Image: "Mission to Mars"
Will human hands ever raise a flag on the Red Planet, as shown in this scene from "Mission to Mars"? The question isn't so much a matter of "if" as "when." Experts say such a mission could be mounted -- but at a cost of tens of billions of dollars.
By Alan Boyle Science editor
NBC News

It would be humanity’s most hostile home. Mars’ thin atmosphere would afford little protection from suffocation or radiation. The temperatures would be chilling, the dust storms blinding. Help would never be less than 30 million miles away. Settlers would surely sometimes ask themselves — as many ask now — “Why were we sent here?” For now, the best answer seems to be that they’d be prospecting — not for gold or oil, but for life.

Discussion of a possible Martian future for humans is very much alive this March, and not just because both the month and the planet happen to be named after the Roman god of war:

  • Science: March has brought a series of eye-opening revelations about Mars: details about the dramatic north-south split in Martian geology and climate, as well as the ancient planet’s south-to-north floods.
  • Policy: Last year’s double dose of failure, involving the loss of the Climate Orbiter and Polar Lander probes, has forced a rethinking of NASA’s current approach to Mars exploration.
  • Culture: The first in a series big-budget science-fiction films focusing on perilous Mars adventures, “Mission to Mars,” came to theaters this month.

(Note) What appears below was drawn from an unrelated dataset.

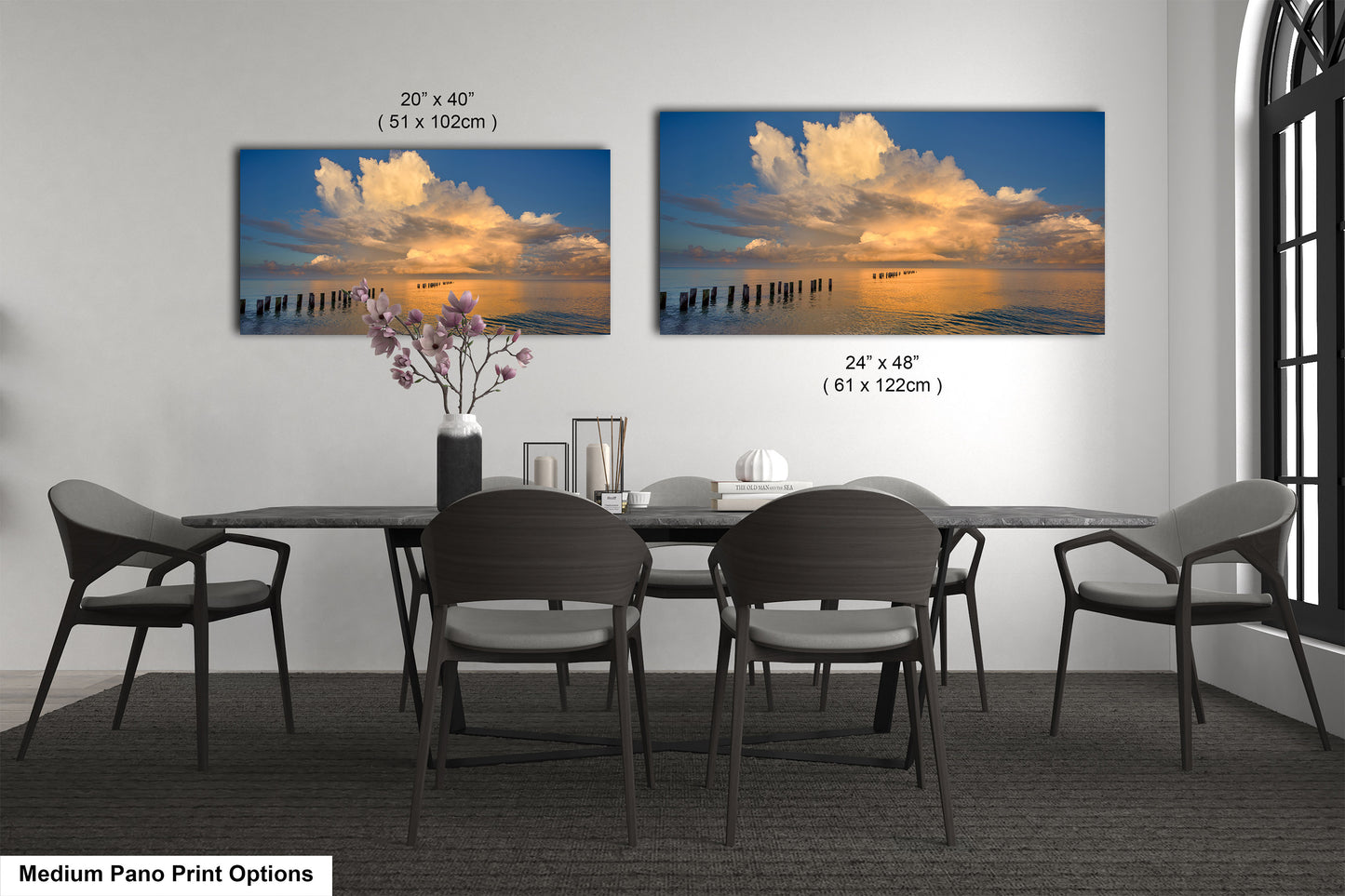 Naples Sunrise Art Print - Tranquil Gulf Clouds and Old Pier Pillars Florida Coastal Scene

The movie sets the first foray to Mars in the year 2020 — which, in light of the recent Mars setbacks, is looking more and more like pure science fiction.

There’s plenty in “Mission to Mars” that would make a planetary scientist or engineer wince. Despite those failings, the film does expose movie audiences to vistas and visions that echo Martian realities.

Like the other highlights of this Martian March, “Mission to Mars” also raises the big question about the Red Planet: Why is this trip necessary, particularly for humans?